Robert Tracy, the St. Louis Police Chief, who just completed his first 100 days in office, spoke in lockstep with Jones. “From a law enforcement perspective, Kia and Hyundai’s negligence with their products have created a public safety hazard for the Saint Louis Metropolitan Police Department and we’re working every single day to address it.”
In response, Kia stated that the lawsuits “are without merit.” They added that they “are willing to work cooperatively with law enforcement agencies in St. Louis to combat car theft and the role social media has played in encouraging it.” Adding, “Its vehicles comply with U.S. theft protection regulations.”

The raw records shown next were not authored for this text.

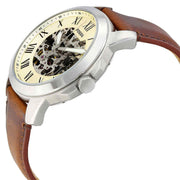  Shop Authentic Fossil Grant Automatic Beige Skeleton Dial Brown Leather Strap Watch for Men - ME3099 - Luxxuri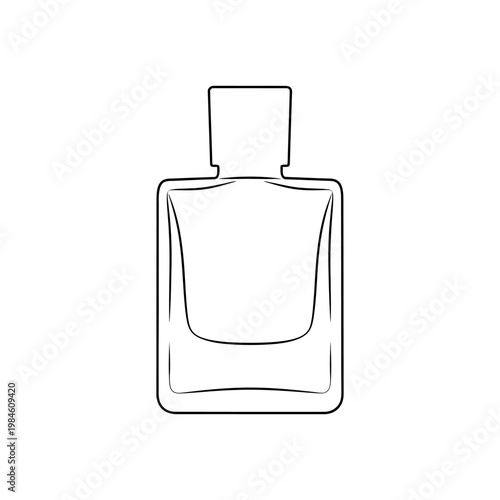 Minimalist Outline of a Perfume Bottle.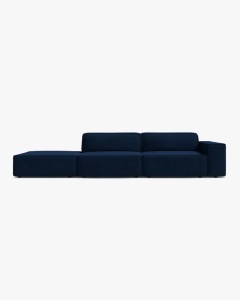 COLTAR JODIE, 262X99 CM, PE STANGA, CU 3 LOCURI, ALBASTRU ROYAL, TAPITAT CU TAPITERIE DIN TEXTIL CATIFEA BLUVEL, MICADONI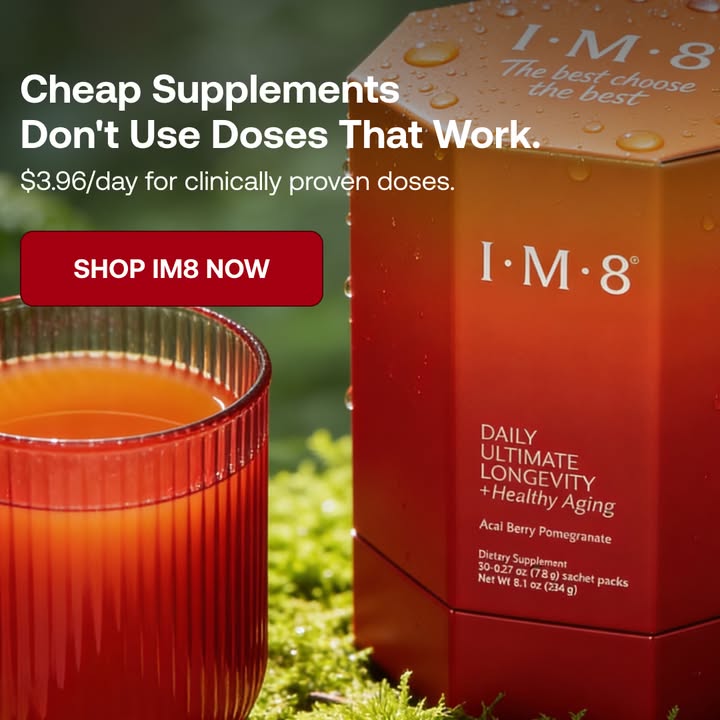 IM8 Global Facebook ad: Longevity Starts at the Cellular Level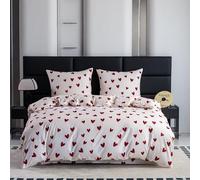 Cotton Market - Juego de ropa de cama de 3 piezas - Funda de edredón 135 x 200 cm y 1 funda de almohada 70 x 80 cm - Corazones (Blanco)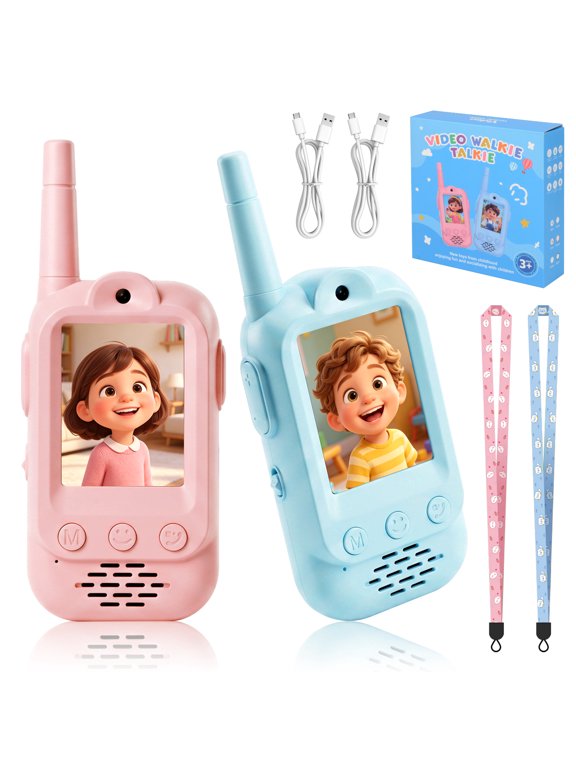 Walkie Talkies for Kids, Handheld 2 Pack Rechargeable Video Walkies Talkies, Indoor Outdoor Toys,Blue&Pink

Hyundai said that it has taken actions, “in response to increasing and persistent thefts targeting our vehicles without push-button ignitions and immobilizing anti-theft devices in the United States.” Just last month the automakers stated that they would offer software upgrades to 8.3 million U.S. vehicles.
Technically, these auto manufacturers have done nothing wrong. TikTok exploited an Achilles heel on these vehicles and bad people are taking advantage of it. It is frustrating yes, but perhaps these cities that use the revolving door style of justice should look inward.
These lawsuits are a waste of taxpayer dollars. Rather than pointing fingers, try accepting the problem and punishing those that steal the cars.
With apologies to David Gerrold who said, “If you’re passing the buck, don’t ask for change.” In regards to these cities and any others that feel the need to blame others, I am changing the quote slightly.
“If you’re passing the buck, don’t expect change.”